Second, every single one was missing their left eye.
Third, a message at the bottom of each picture issued a command: CAST IT OUT.
Mabel knew she should take the photos and burn them, or put them back inside the box and re-bury it. Far deeper than in the garden, and in a different place. Somewhere she hardly ever went. Next to the fence? She never stood out there.
However, she couldn’t stop quivering and gawking at her long-dead relatives – forebears, aunts, uncles, cousins, all with warm yet vacant smiles, their left eye socket staring into the void.
CAST IT OUT.
“What did you see?” whispered Mabel. “What were you trying not to see?”
None of them answered.
Over the next few days, the box and its dark treasures became her obsession. She went to the county courthouse to compare the sinister pictures with normal ones. Apparently, her ancestors had been photographed before harming themselves. What had happened for each and every one of them to do so?
Time and hunger eventually forced Mabel to venture out of the house and to the supermarket.
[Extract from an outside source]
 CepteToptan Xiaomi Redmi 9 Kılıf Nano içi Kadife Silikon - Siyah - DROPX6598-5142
She thought of taking the box with her but realized that was silly. The dead could wait, but she, the living, had to get some groceries.
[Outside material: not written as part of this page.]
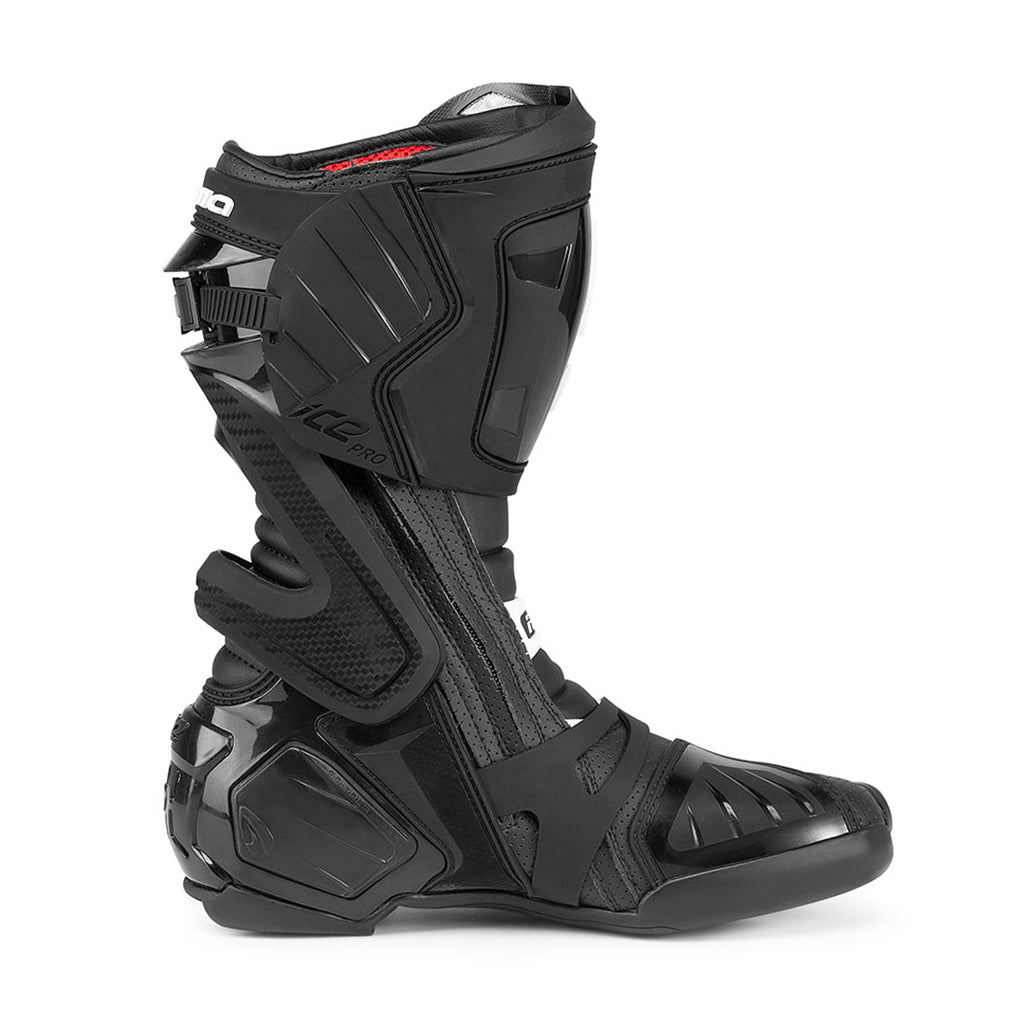 Forma boots ice pro black black main global customer service warranty new products factory racing riding gear tech summer alpine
At the store she saw her next-door neighbor, Carrie. “Hello, neighbor!”
Carrie smiled. “Good to see you.”
Mabel looked her best friend in the eye. On a whim, she closed her right one.
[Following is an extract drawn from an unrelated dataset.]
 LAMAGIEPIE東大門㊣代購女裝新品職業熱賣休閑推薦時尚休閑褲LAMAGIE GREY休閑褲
Carrie’s face was mottled with ugly purplish blotches on her pale cheeks.
Mabel opened her right eye. Carrie’s bruises disappeared.
“Mabe? Are you all right?”
*The question is, are YOU all right?* “Fine as ever. How about yourself?”
“Can’t complain. Hubby’s pretty stressed at work, though. Wish I could help him.”
*You do, dear. Oh, you do.* “Hopefully he’ll cheer up.” *And leave you alone.*
“I hope so. See you soon.” Carrie smiled a wan smile and pushed past Mabel.
As startled and dismayed as she was by the result of her experiment, Mabel was curious too. During the next week, she looked at people with new eyes – or, more accurately, her new eye. What other things could the left one see, but the right could not?
Others’ pain, for one. Injuries. She spotted more bruises and cuts on the bodies of those she scrutinized, and also arthritis and other internal inflammations.
Others’ secrets, for another thing. If she concentrated and stared hard enough, Mabel learned about a hidden truth – an addiction here, a fear there, even a compulsion concealed from the rest of the world.
Third and finally, and with lots of practice, others’ thoughts.
Her left eye saw. So did her mind.
Most people’s mental chatter was dull and innocuous, but Mabel’s heightened sight allowed her to behold blaring exclamations: “I hate my boss. I want to kill him.” “My daughter snorts cocaine.” “That man over there is stalking me.”
Only the bad. No joy or excitement, just never-ending misery.
Mabel’s health faltered. With every detail she uncovered, the worse she felt. Soon, every time she blinked, another person’s physical and mental burdens flashed behind her eyes. She couldn’t stop, no matter what she tried.
In desperation, she returned to the photographs of her relatives. All the same in their mutilation, all broadcasting the same dire sentence.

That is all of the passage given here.